Description
Job Title
Vice President, West Provider Network Development & Technology Deployment
Job Description
Waymark is a mission-driven team of healthcare providers, technologists, and builders working to transform care for people with Medicaid benefits. We partner with communities to deliver technology-enabled, human-centered support that helps patients stay healthy and thrive.

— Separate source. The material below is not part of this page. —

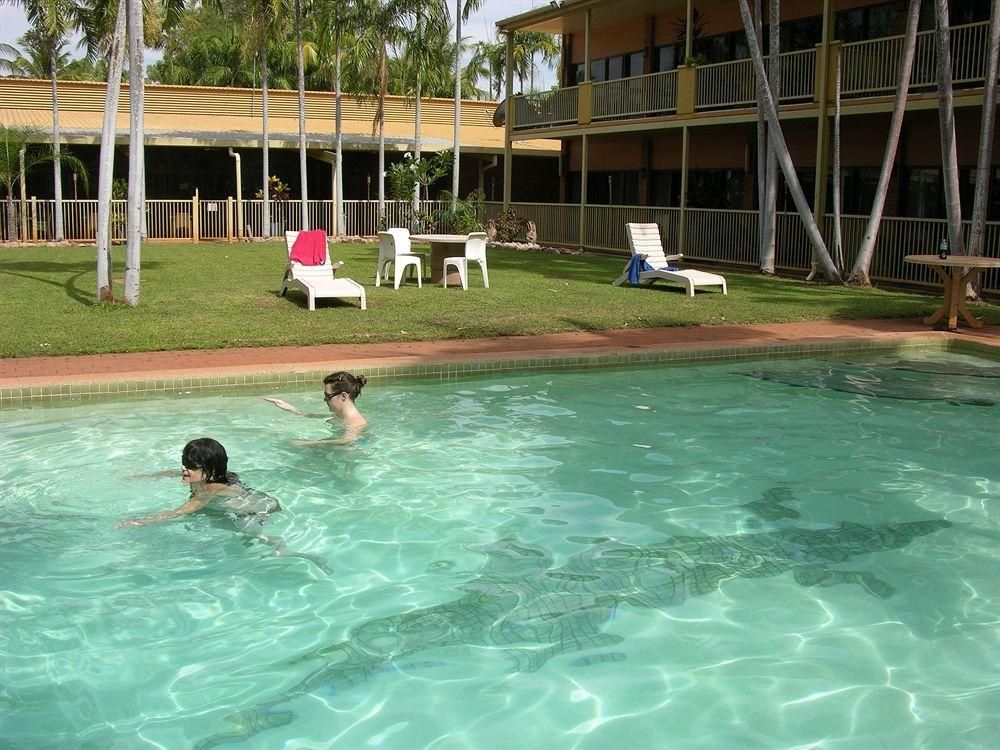 Best Western Batchelor Resort3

We're designing tools and systems that bring care directly to those who need it most,removing barriers and reimagining what's possible in Medicaid healthcare delivery.
Key Responsibilities
- Drive top-of-funnel provider outreach, engagement, and pipeline management aligned with state and market growth goals, with an emphasis on West Coast expansion
- Drive our predictive analytics technology Go-To-Market strategy and full cycle sales
- Articulate Waymark's value proposition to primary care providers and provider groups, building strong relationships with key clinical and operational stakeholders
- Develop and execute market-specific outreach and contracting plans in collaboration with health plan partners during cohort design and market activation
- Lead provider sourcing, engagement, and contracting to expand Waymark's network and establish mutually beneficial financial incentives
- Partner with Legal, Operations, and Implementation to support efficient execution of provider agreements and onboarding
- Identify opportunities to improve provider contracting processes, network expansion strategies, and ongoing provider optimization to support medical cost performance
- Collaborate with Partner Success and Implementation to support growth planning with existing provider partners and ensure long-term success
Minimum Qualifications
- 10+ years of experience supporting providers and building high-performing provider networks
- Extensive experience selling enterprise SaaS, health tech, or digital health solutions with measurable outcomes
- Demonstrated ability to translate technical or platform capabilities into executive-level business value
- Deep commitment to improving healthcare for underserved populations, with experience across independent practices and health system-owned primary care providers
- Existing relationships with large provider systems, primary care groups, and the Medicaid provider community across multiple markets
- Strong understanding of value-based care models, including ACOs, PCMH, quality-based incentives, bundled payments, and Medicaid market dynamics
- High-energy, collaborative working style with strong process orientation
- Ability and willingness to perform hands-on provider development work while helping scale processes and team capacity
- Willingness to travel up to 50%
Preferred Qualifications
- Comfortable “sitting at the table” with clinical and operational executives to align on strategic outcomes
- Experience using a CRM to manage provider outreach and pipeline activity
- Knowledge of primary care practice types, including FQHCs, Look-Alikes, IPAs, and their respective financing models and operational needs
- Managed care experience (Medicaid preferred)
- Experience working with provider-sponsored or provider-owned Medicaid health plans
Salary and Benefits
The salary range for this role is $140,000 - $185,000 per year, depending on location. In addition to salary, we offer a comprehensive benefits package, including stock options, incentive program, work-from-home stipend, medical, vision, and dental coverage, life insurance, paid time off, parental leave, retirement savings, commuter benefits, and professional development stipend.